According to her, people seriously underestimate the costs of starting and maintaining a business. Some key points are making what customers want, selling it at a price that makes money, knowing when to say no and self-reliance.
“I don’t need to be rich,” she said. “I just need to be in the black.
“[Many businesses are] undercapitalized, and they have this false sense of what it takes. It costs a lot more than people think.”
She noted she isn’t married and doesn’t have kids, an important advantage. To be successful, she said, the business has to be the most important thing.
“You gotta really want to do it,” she said. “I’m here every day. This shop, I want it to be something I like.”

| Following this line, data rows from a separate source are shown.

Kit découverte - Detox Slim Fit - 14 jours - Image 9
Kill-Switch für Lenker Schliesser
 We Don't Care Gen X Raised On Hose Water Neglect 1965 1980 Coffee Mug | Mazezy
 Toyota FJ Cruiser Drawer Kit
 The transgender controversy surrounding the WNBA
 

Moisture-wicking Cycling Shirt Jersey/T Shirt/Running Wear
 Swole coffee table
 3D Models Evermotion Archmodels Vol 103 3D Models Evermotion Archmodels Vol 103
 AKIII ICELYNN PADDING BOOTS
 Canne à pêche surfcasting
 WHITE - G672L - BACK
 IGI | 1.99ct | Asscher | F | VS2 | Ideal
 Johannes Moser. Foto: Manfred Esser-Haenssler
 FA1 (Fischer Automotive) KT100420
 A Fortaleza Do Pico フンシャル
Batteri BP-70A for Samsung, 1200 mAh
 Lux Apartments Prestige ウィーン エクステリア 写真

Despite the fact that Mary’s Cakes and Pastries is in Northport, she has felt the weight of the EF-4 tornado that hit Tuscaloosa on April 27. She said 30 cakes were cancelled after the storm, a substantial amount of business. Mary has business insurance, but insurance does not account for what happens when you lose serious business weeks and months after a tragedy.
Cesar said people can’t be faulted for not needing celebratory food when many lost their homes, but she said perhaps the biggest hit was the University of Alabama cancelling graduation. Cesar said business was OK in April, slow in May but not terrible, but June was probably the slowest month ever. By August, things began to pick back up, and October through December is one of the busiest periods of the year.
Despite the loss in business, Mary is adamant about supporting her staff.
“You can’t just cut hours,” she says. To employees who’ve worked at corporations that routinely cut employees’ hours to help the company line, Cesar is a breath of fresh air.
“I think the best thing about Mary’s is the people I work with and the interaction with customers,” said Mary’s employee Maury Holliman. “This place is like a small family. We get to interact with great customers. This place is a home away from home.”
In September, Mary’s Cakes and Pastries won the National Get Back to Scratch Contest. The contest included more than 450 baking establishments across the country entering a signature scratch-baked item.
Mary’s entered their decorated shortbread cookies, featuring such decorations as a houndstooth hat, a football, an elephant and others. Officially, the contest spanned six months. According to Cesar, the contest was essentially 93 days, when contestants were accepted and given a chance to win through online voting. People voted for Mary’s every single day.
“They did it for us,” Cesar said.
While the voting numbers weren’t released, it is clear from comments alone that Mary’s was the clear winner. She had 136 comments on getbacktoscratch.com, the official contest website, which was far more than any other bakery.
The grand prize was either an 80-quart or a 60-quart Hobart Legacy mixer. The 60-quart mixer holds 75 pounds of cake batter, which is enough to make 80 quarter-inch cakes. It took eight Hobart representatives two and a half hours just to get the 60-quart mixer in the door. It only took two minutes to get it set up.
“We don’t need the 80,” Cesar said. The 60-quart mixer is still quite a spectacle to see and is worth roughly $20,000.
Cesar said winning is especially cool because she didn’t just buy the mixer. She feels in many ways the mixer belongs just as much to her loyal customers as it does to the business itself.
Cesar also gives back to her community, having donated the old mixer to the East Tuscaloosa Community Soup Bowl, as it was displaced by the tornado. She is also friends with many of her customers.
Glenn House Sr. is one such example, and he visits the bakery regularly, despite living in Gordo. He said it “seems like forever” that he’s known her, probably as long as she’s been here. When pressed for his favorite item, he said, “It’d be hard to pick one. We try to pick something different every time.”
At the moment, he was excited to try the fruit cake.